Subscribe

California state offices will close in response to Gov. Newsom’s stay-at-home order

California is closing state government offices in response to the stay-at-home order Gov. Gavin Newsom issued Thursday, according to an email sent to state departments.

With some exceptions, state offices will close Monday and remain closed for three weeks, according to an email Human Resources Department Director Eraina Ortega sent to state department leaders.

All state workers who are not performing "critical functions" should telework if they can, according to the email. Those who aren't performing critical functions should be reassigned if possible, and those who can't telework should be given administrative time off — a type of paid leave for state workers.

Department leaders are responsible for determining what is critical. CalHR provided a list including leadership, emergency management, public health and safety, unemployment claims processing and other functions.

Newsom's order tightly restricts social gatherings and business in areas where hospitals are at risk of becoming overwhelmed. The stronger restrictions are triggered when a region's intensive care unit capacity drops below 15%.

Four out of five regions in the state, including the Greater Sacramento Region, likely will hit that threshold early this month, Newsom said. The fifth region, the Bay Area, could reach the threshold by the middle of the month. The office closures will start Monday regardless of the thresholds, according to the email.
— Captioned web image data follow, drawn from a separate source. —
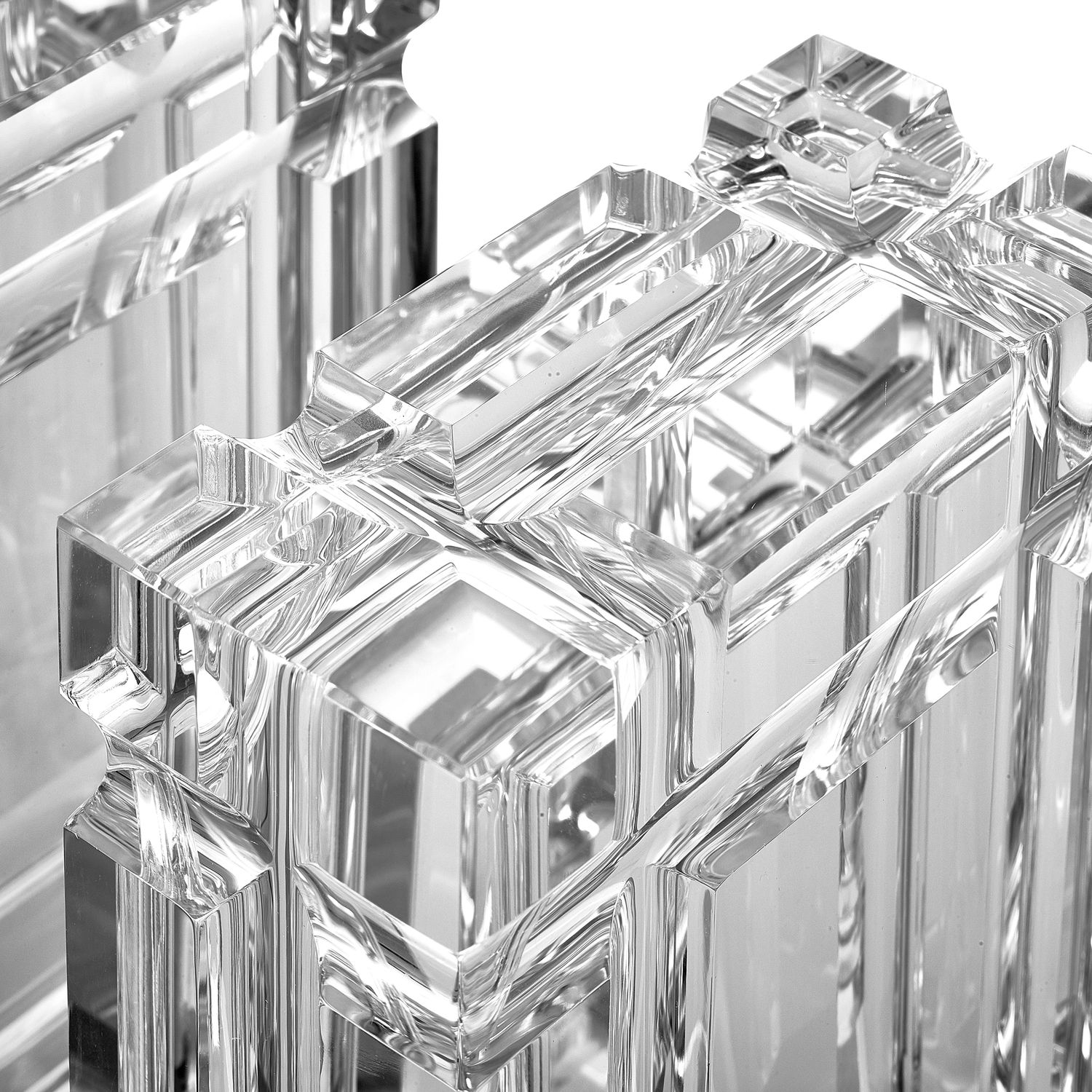 Bookend Linea crystal set of 2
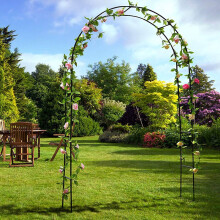 Metal Garden Arch Trellis: 7.9Ft Wedding Ceremony Party Archway Stand
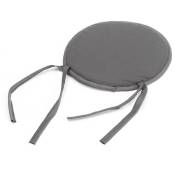 Kingso - Coussin de chaise circulaire rond doux de bistro coussin de siège de cuisine à manger housse amovible gris clair gris Hasaki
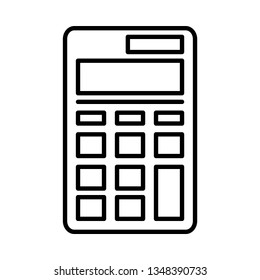 calculator, math icon. Element of education illustration. Signs and
symbols can be used for web, logo, mobile app, UI, UX, eps file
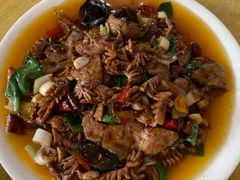 肝腰合炒-豆腐脑花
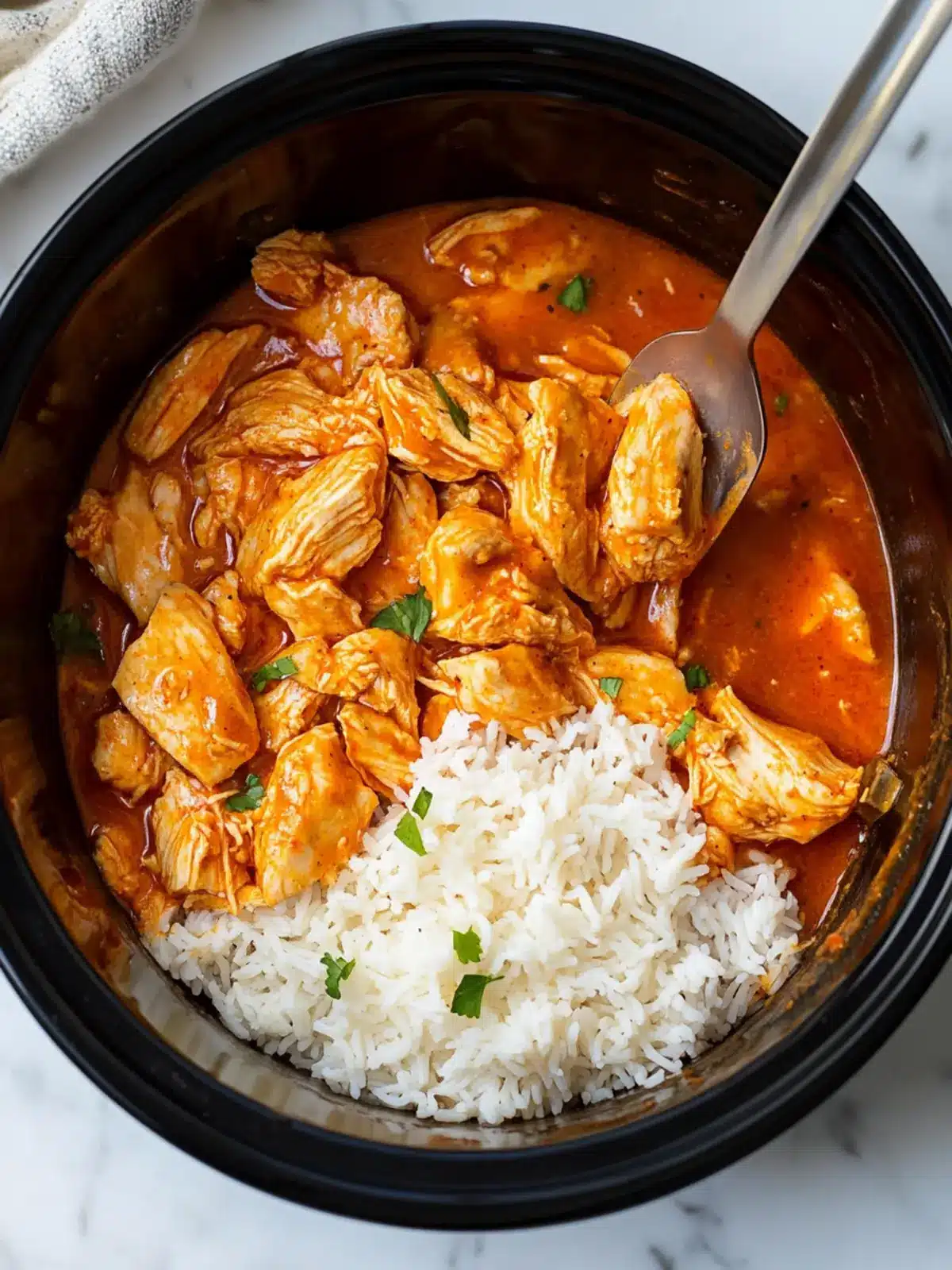 5-Ingredient Crock Pot Buffalo Chicken for Delicious Weeknight Meals 4 5-Ingredient Crock Pot Buffalo Chicken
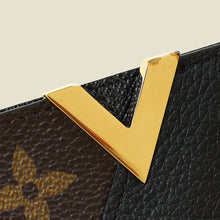 Louis Vuitton Brown Monogram Black Kimono Card Holder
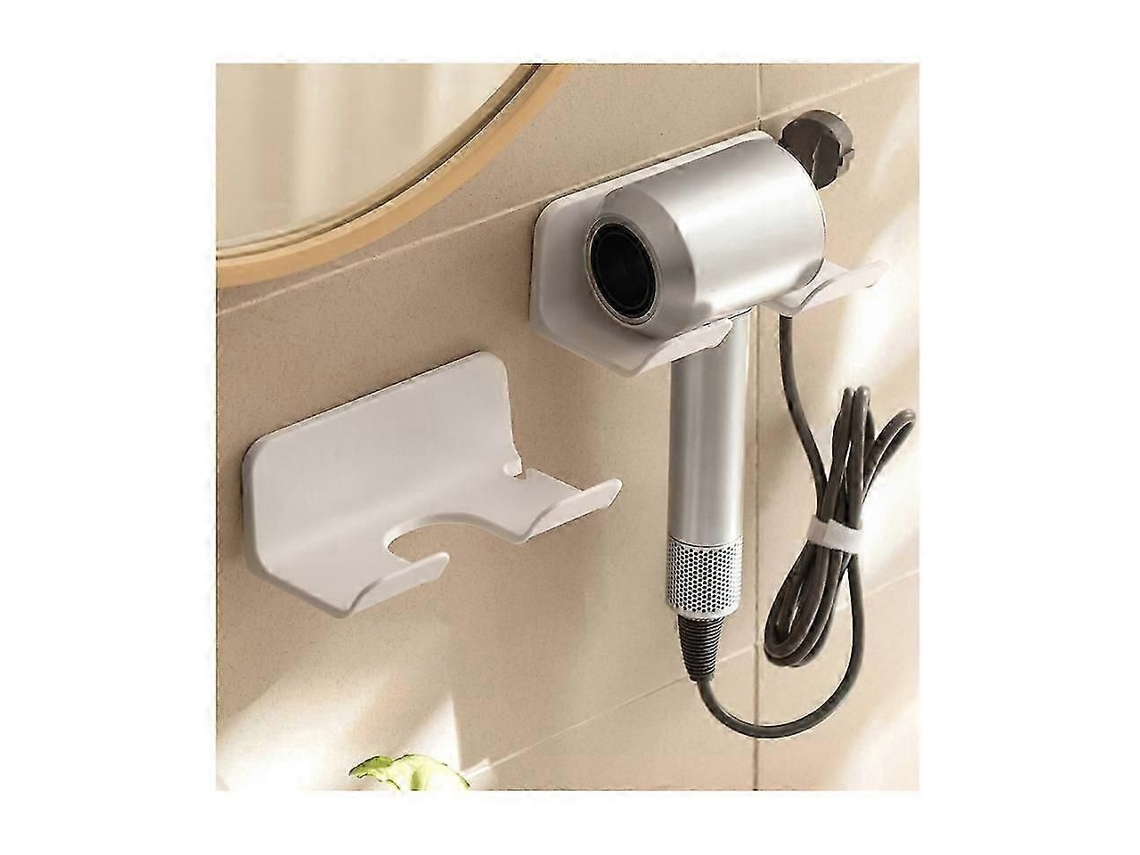 Suporte de Parede para Secador Cabelo, Plástico Cabelo S em Necessidade Furar, Or GOKOCO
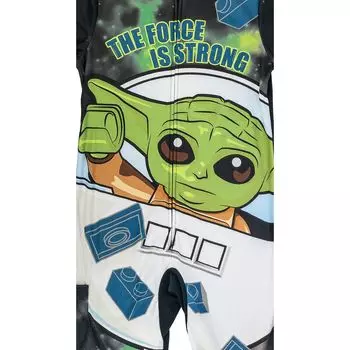 Цельная пижама Lego Star Wars The Child aka Baby Yoda для мальчиков 4–12 лет Licensed Character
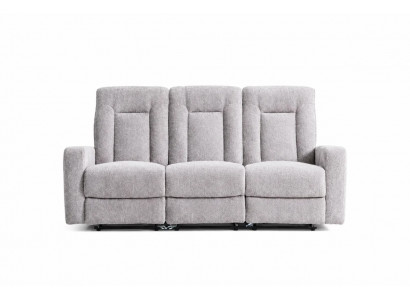 Komfortables 3-Sitzer-Kinosofa mit weichem Stoffbezug und Relaxfunktion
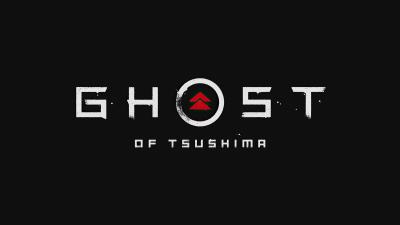 ghost of tsushima logo 4k p1 wallpaper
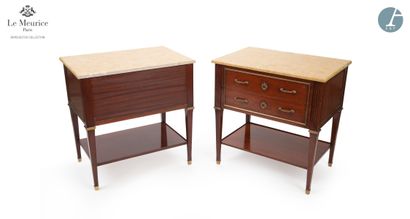 null From the Hotel Le Meurice - Room 424

Pair of bedside tables, in natural wood...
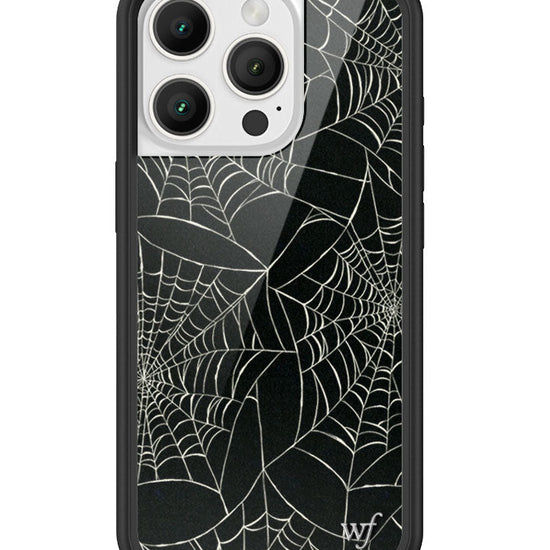 Wildflower iPhone case 16 Pro Itsy Bitsy Spider Black Cute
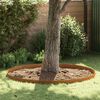 vidaXL Lawn Edging 4 pcs Rusty 450 x 0.05 x 15 cm Weathering Steel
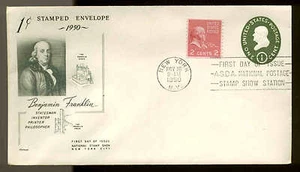 U532 1c FRANKLIN FDC NEW YORK, NY SHOW CANCEL FLEETWOOD CACHET - Bild 1 von 1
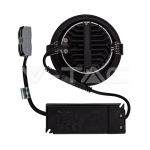 LED Луна SAMSUNG Чип - 10W Рефлоктор COB Черна 6400К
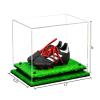 Better Display Cases Acrylic Kids Shoes Display Case - Medium Rectangle Box with Clear Case, Green Risers and Turf Base 12" x 8.25" x 8" (A004, V41) view 2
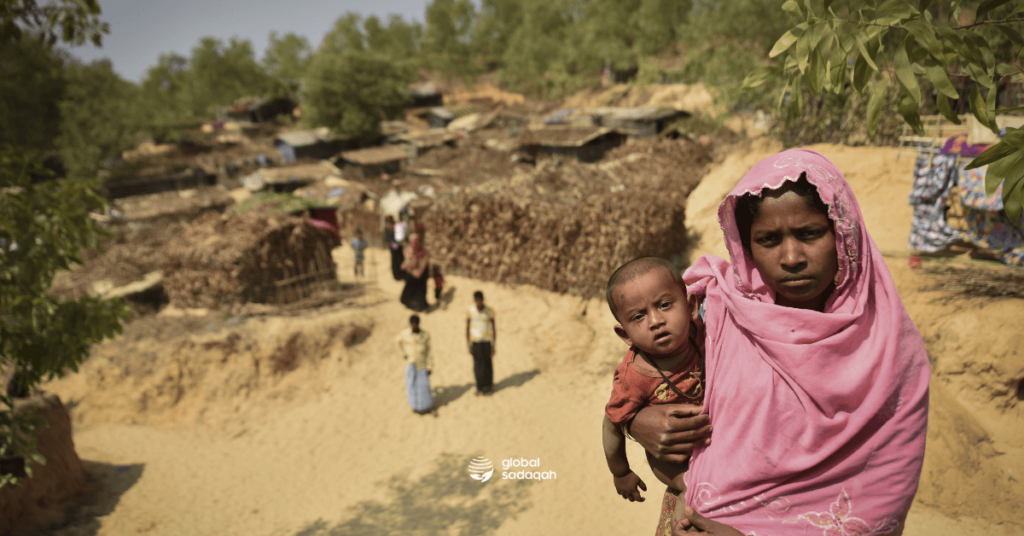 Goat qurban for Rohingya refugees in Bangladesh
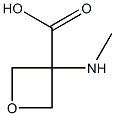 3-(methylamino)oxetane-3-carboxylic acid Structure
Newsom's order came as positive tests reached record highs in the state, with the average number of daily new cases climbing to 18,591 on Thursday.

State offices have been affected by the surge, including the Governor's Office, where an employee tested positive Wednesday.

The California Highway Patrol notified employees at its headquarters building of six positive tests this week, and positive test notices grew more frequent at the Department of Motor Vehicles' headquarters in November.

The Professional Engineers in California Government, a state union representing about 11,000 workers, wrote to Ortega Wednesday urging her to minimize in-person work and strengthen state protocols around testing and prevention.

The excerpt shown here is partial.